Nonetheless, Nunes continues to pursue the unmasking issue and plans to introduce legislation to address concerns about how the unmasking process affects Americans’ privacy.
His efforts are supported by the recent release of a set of memos suggesting that the Obama-era NSA and FBI violated specific civil liberty protections by improperly searching and sharing raw intelligence on American citizens. The documents identify more than 90 incidents where violations could have impacted American citizens.
The NSA has also admitted that it has been slow to notify fellow agencies in instances when it has wrongly shared information about American citizens. Such notifications are supposed to be made within 5 days. The NSA’s average is 19.
Editor’s note: Burr is dead wrong, Obama’s wiretapping is one of the worst breaches of Constitutional freedoms in history, actually using U.S. Government intelligence resources to spy on his political rivals.
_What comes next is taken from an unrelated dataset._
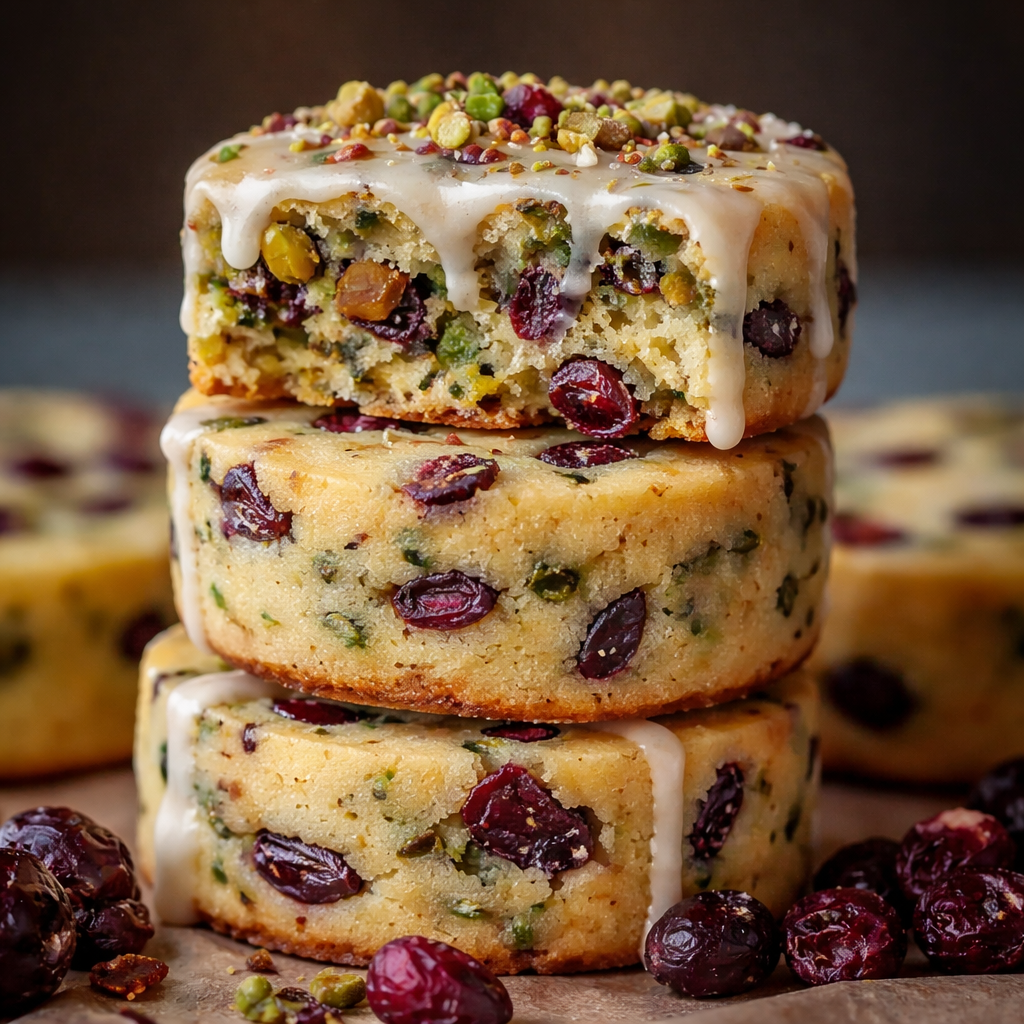Buttery shortbread cookies with cranberries and pistachios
This is the kind of behavior you would expect from a third world dictator, not the America we know and love.
In my intelligence days, if our activities came anywhere close to a ‘U.S. person’ (citizens, green card holders, etc.) we immediately pulled back, and waited for guidance. That activity would not continue without consent and involvement by the FBI. It seems that no one in the Obama Administration respected civil rights and felt free to conduct surveillance on Americans, without a court order or due process. Its illegal, immoral and un-American.